I never thought that guns were ever an issue until the news stories about mass shootings started flooding the news. Young kids with access to massive weapons were reportedly shooting at random and no one could truly understand why. With every incident the words “gun control” were spoken alongside the tragedies, and that’s where my uncertainty about the whole subject began.
I knew for a fact that obviously some people shouldn’t be allowed to possess any weapons. Those considering suicide or those with severe mental help shouldn’t probably have any weapons, but where did that leave the rest of us? Many irresponsible teens or young children who never knew the danger that comes along with guns often died from weapons lying around in their homes.

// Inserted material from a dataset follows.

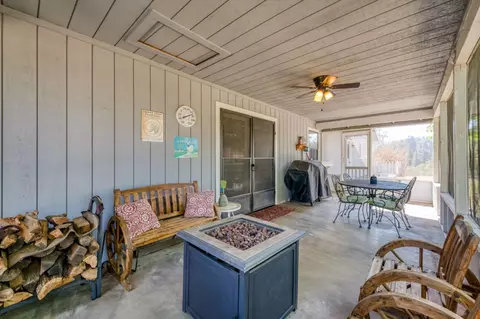 Exterior - 46250 Brookside Rd, Miramonte, CA 93641 photo 7 of 24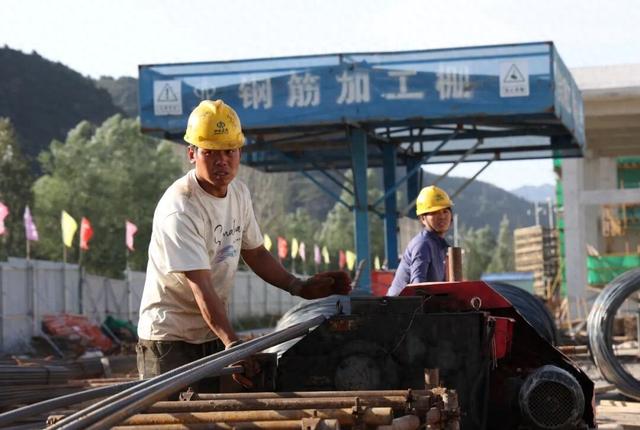 秋染层林披彩韵——五台山景区民生项目建设一线观察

I was torn. Heck, I still am torn. I thought if maybe every parent was like mine and enforced knowledge and safety over fear and irresponsibility then we wouldn’t have all of this random gun violence, but I knew every parent didn’t know how to handle a firearm, and they could very well add to the violence that we see involving guns every day.
I recently learned that there were 52,447 deliberate and 23,237 accidental non-fatal gunshot injuries in the United States during 2000 according to the National Center for Injury Prevention and Control. The majority of gun-related deaths in the United States are actually suicides according to the National Center for Health Statistics, CDC, with 17,352 (55.6 percent) of the total 31,224 firearm-related deaths in 2007, and apparently 12,632 (40.5 percent) were homicide deaths according to National Vital Statistics Reports (CDC). And then of course people wonder if the Columbine High School massacre, the Beltway sniper attacks, the Virginia Tech massacre, the 2011 Tucson shooting, and the Aurora, Colorado theater shooting would have happened if our gun laws were stricter.

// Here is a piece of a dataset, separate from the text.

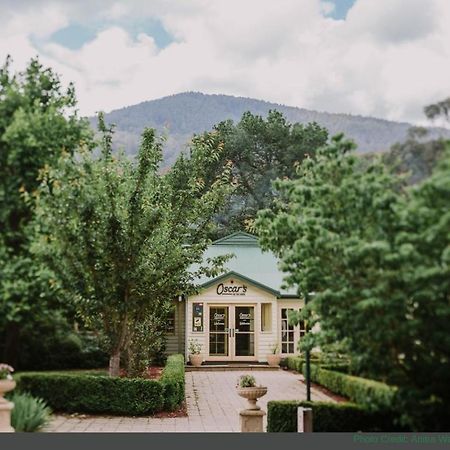 Oscar'S On The Yarra Hotel Warburton Kültér fotó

The case to take away all guns obviously will leave those following the law without guns when criminals with weapons break into their homes, and the case that allows everyone to own a gun will still not stop crazy people from shooting people even if they knew for a fact that everyone else in the country had a firearm. Hot tempers would boil out of control, road rage would always end up being deadly, and then every irresponsible kid or young child would have access to a gun.
Some sort of compromise that places reasonable laws on the guns that are already in circulation would be ideal, but of course no one knows how to go about that. I’m not even sure if censoring films in Hollywood, books in the library, or videos games will actually do anything for adults, mostly because I would still sometimes like to be entertained by violent action books and films, but because it sucks that that all the sane, responsible people can’t enjoy something like the movie, Gangster Squad, until January or see the film in its original bada##ery do to the film’s obviously violent nature.
All of this really is a complicated discussion that we should have regardless of what party you’re registered as because I do agree that gun violence has become a problem. On the other hand I do await the coming zombie apocalypse and I would love to keep a firearm for protection against zombies and for situations where the responsible use of a firearm could save someone’s life.
I’m glad, however, that the decision surrounding gun control doesn’t sit solely on my shoulders because I don’t have a clue about what to do with the whole situation. So I’m opening up the comments for discussion. Where do you stand on the gun control issue, and how would you go about changing the gun laws we have if you would change anything?
2 thoughts on “How I Feel About Gun Control”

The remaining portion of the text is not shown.